Protected area in Cornwall, England

The Hayle Estuary and Carrack Gladden SSSI is a Site of Special Scientific Interest, noted for its biological interest, in west Cornwall, England, UK. It consists of three distinct parts, each of which is covered in a separate article: the Hayle Estuary, the sand-dune system of Porth Kidney Sands and the coastal headland at Carrack Gladden.

==Geography==
Hayle Estuary and Carrack Gladden SSSI is on the southern shore of St Ives Bay and to the west of the town of Hayle.

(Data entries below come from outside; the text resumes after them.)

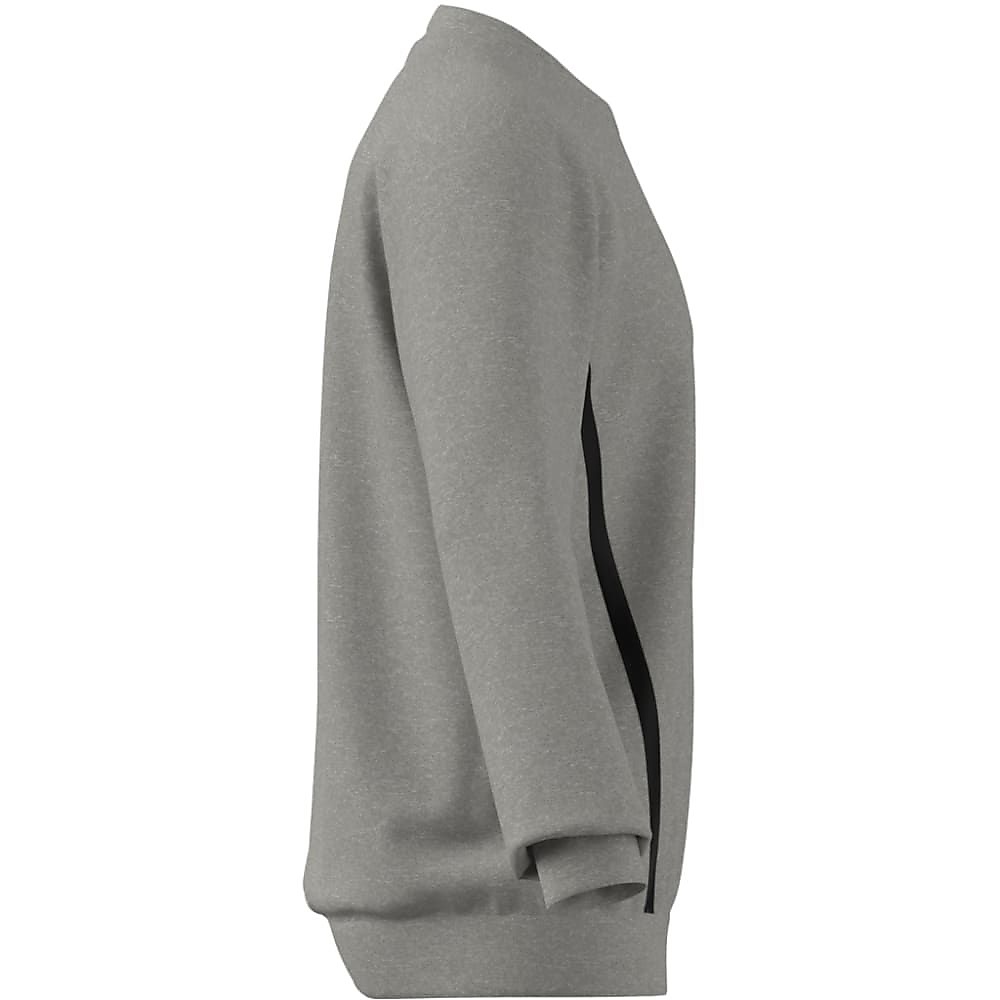 MG&Gクルーネックスウェット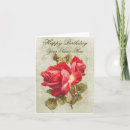 Buscar vintage valentine tarjetas Romance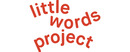 Little Words Project brand logo for reviews of online shopping for Merchandise products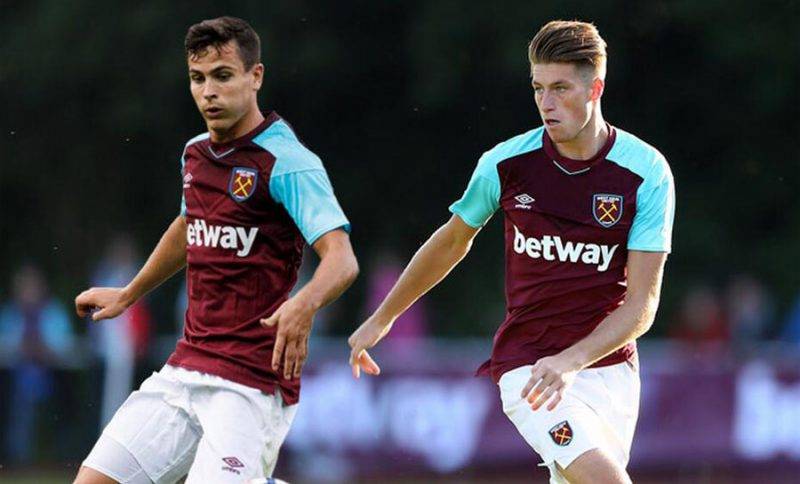 極高的進攻 極高的進攻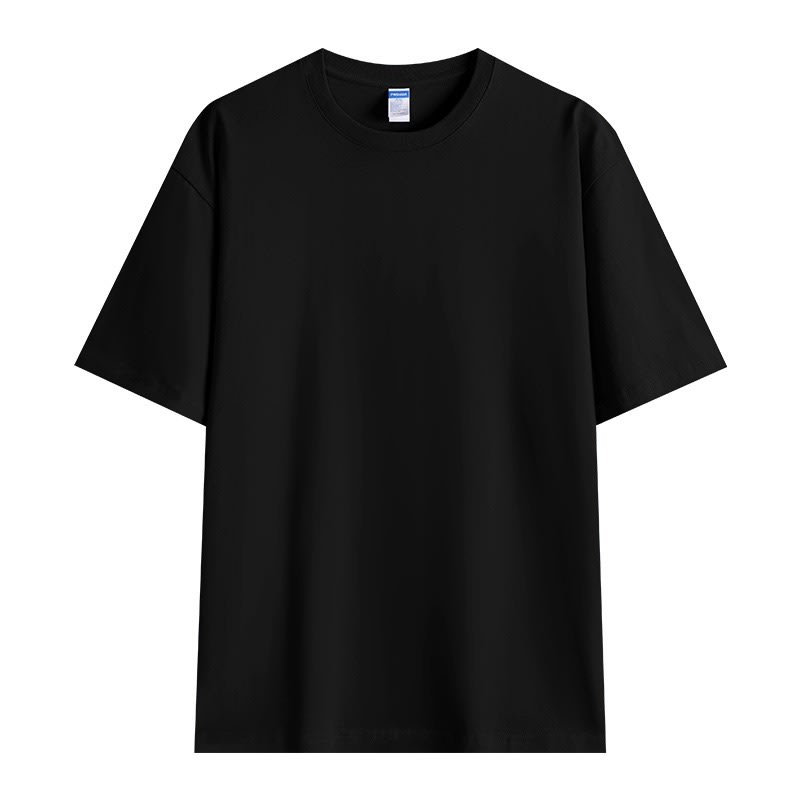 Plain cotton T shirts - London Imports Collection - London's Imports Ghana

The estuary of the River Hayle is the most south-westerly in Britain and adjacent to important bird migration routes which cross the Land's End peninsula. Part of the estuary, at Ryan's Field and Carnsew Pool, is owned by the Royal Society for the Protection of Birds (RSPB). Two long distant footpaths transverse or are close to the boundary of the SSSI. The South West Coast Path follows the coast from Carrack Gladden to North Quay, Hayle, while St Michael’s Way also follows the coast at Carrack Gladden as far as Griggs Quay. The St Ives Bay Line also follows part of the boundary.

==Birdlife==
As the Hayle Estuary is the most south westerly in Britain it is important for wintering wildfowl, waders and gulls as well as for vagrants from North America. The most numerous ducks on the estuary are Eurasian teal and Eurasian wigeon, with a few gadwall and smaller numbers of common goldeneye and red-breasted mergansers. Waders in winter include some red knot, spotted redshank, common greenshank and common sandpiper among the more common species. Little egret are also present. In passage times the numbers of waders increase and North American vagrant species are recorded with some regularity, the most frequent being pectoral sandpiper, white-rumped sandpiper and long-billed dowitcher.

===Industry===
Hawke's Point Mine (also known as Wheal Fanny Adela) was in operation between 1851 and 1870, producing 670 tons of copper, 1 ton of ochre and some tin. The main workings were at Carrack Gladden and tunnels can still be seen from the beach. The workings at Hawke's Point was reopened in 1883, employing nineteen men. An old adit narrowly missed a copper lode and cobalt was also found. ″Mine materials, Machinery and Effects″ were sold by auction on 31 October 1884. Lots included a 40 feet long wood-built house with galvanised iron roof, horse-whim, portable forge, stone crusher, etc.